Zero Friction Cycling ran by Adam Kerin is the best IMO, gives the most well researched advice, but he's pragmatic too and explains just how easy immersive waxing is. 

Check out his YouTube too. Anything he doesn't know isn't worth knowing!

This is vid is the "how to". It's worth watching this over some of the shorter ones which can offer bad or incomplete advice. If it looks worth doing, watch his other stuff too  


View: https://www.youtube.com/watch?v=NdmriYX76NE


----------



## PaulSB (7 Mar 2022)

I have a buddy who swears by immersive waxing and takes the time to do this. I know my nature and would start full of enthusiasm and after 2-3 goes would lose that enthusiasm. It's a no for me.

I agree with much of what @nlmposts and have always believed good chain maintenance is very important. I also feel keeping the whole bike clean is important for easier riding and improving the lifespan of the entire bike.

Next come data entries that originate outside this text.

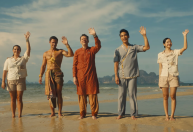 "The White Lotus": o que se sabe sobre a quarta temporada?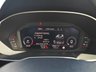 USED 2022 22 AUDI Q3 1.5 TFSI CoD 35 S line SUV 5dr Petrol S Tronic Euro 6 (s/s) (150 ps) *GHOST IMMOBILISER*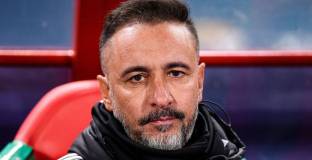 Перейра: Мидтиланд празнуват твърде рано, мачът още не е приключил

it does surprise me to read Squirt is tricky to set up. I always wipe down the chain and lube straight after a ride. My cleaning routine when the bike needs it, not after every ride, is:

clean bike
clean chain as needed
apply Squirt
leave for 20-30 minutes while I tidy up etc.
second application if needed
wipe off excess
Not exactly labour intensive.


----------



## jdh72 (7 Mar 2022)

Wonder wipes for cleaning. 

I stopped using wet lube years ago, makes a terrible mess. 

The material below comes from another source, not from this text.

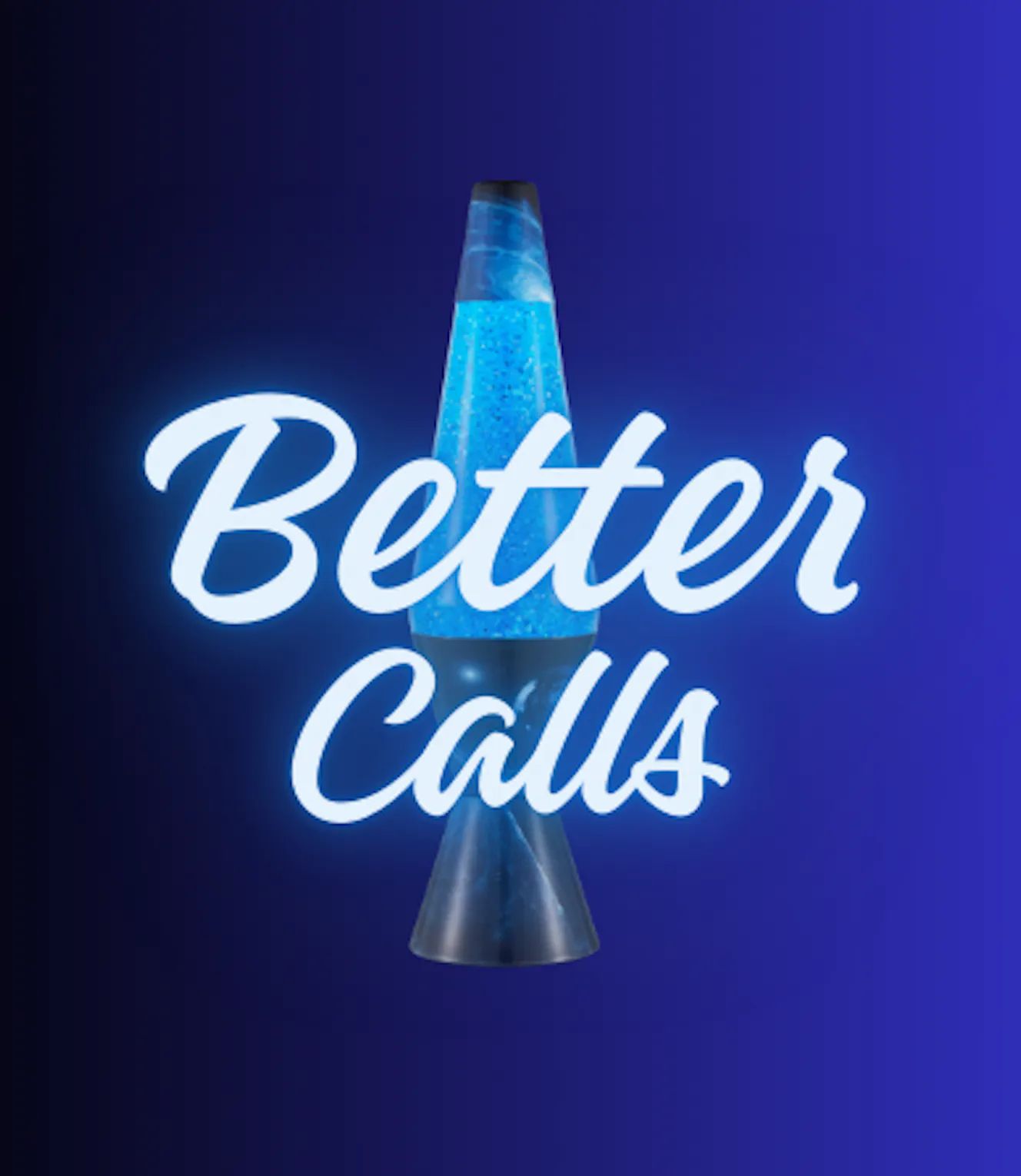 BetterCalls gallery image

Favourite is Squirt, dry lube. Difference compared to oil based wet lubes is amazing. 
Lube after every ride. Use 365 days including in rain n snow. Take a small dropper bottle of squirt on all overnighters.


----------



## fraz101 (7 Mar 2022)

nlmkiii said:


> Zero Friction Cycling ran by Adam Kerin is the best IMO, gives the most well researched advice, but he's pragmatic too and explains just how easy immersive waxing is.
> 
> Check out his YouTube too. Anything he doesn't know isn't worth knowing!
> 
> ...



Watched the video so to clarify. 

Buy a slow cooker, buy some immersive wax, heat the wax,dip chain for a while,leave to set,refit chain. 

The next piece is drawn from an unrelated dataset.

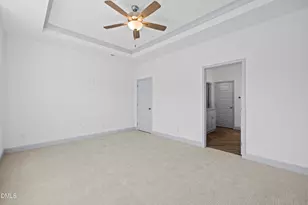 73 Falls Riv ct, Broadway, NC 27505 - Photo 15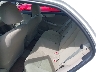 2T1BU4EE8CC****** Wrecked 2012 Toyota Corolla in Boston Shirley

Do you clean chain before immersing? 
Do you wipe chain after each ride? 
Interesting and tempting to give it a try.


----------



## nlmkiii (8 Mar 2022)

PaulSB said:


> I have a buddy who swears by immersive waxing and takes the time to do this. I know my nature and would start full of enthusiasm and after 2-3 goes would lose that enthusiasm. It's a no for me.
> 
> I agree with much of what @nlmposts and have always believed good chain maintenance is very important. I also feel keeping the whole bike clean is important for easier riding and improving the lifespan of the entire bike.
> 
> ...



This is why I still recommend Squirt a lot. It’s very low maintenance. I do think it’s worth the 20 minutes of prep at the start as it will double the longevity (and reduce friction) of the chain. My day 1 prep of a squirt chain is:

Cleaning part (same for all new chains to remove factory grease / glue)
- White spirit, shake, refill shake and keep going til clear. Leave to soak at the end just to make sure. Needs 2-3 shakes on most. But 7-8 on SRAM as it’s glue.
- Put used white spirit in jar back of garage ready for a yearly solvent disposal run 
- shake in IPA, leave for a bit. Shake again then hang to dry.

Then the lubing part:
- Put chain on a dinner plate
- Pour 15ml of Squirt on
- Massage chain and keep turning it to pick up all the Squirt on the plate. I go for 20 minutes whilst watching TV, but less is certainly fine
- leave to dry on a new plate overnight
- wipe down

Alternative would be to just immerse in Squirt, but once it’s been out in the air it isn’t so good so the above is far cheaper and has a similar effect.


----------



## nlmkiii (8 Mar 2022)

fraz101 said:


> Watched the video so to clarify.
> 
> Buy a slow cooker, buy some immersive wax, heat the wax,dip chain for a while,leave to set,refit chain.
> 
> ...


Swish chain once immersed too. You want to leave it there for 5 minutes minimum too to ensure chain warms up and so gets full penetration.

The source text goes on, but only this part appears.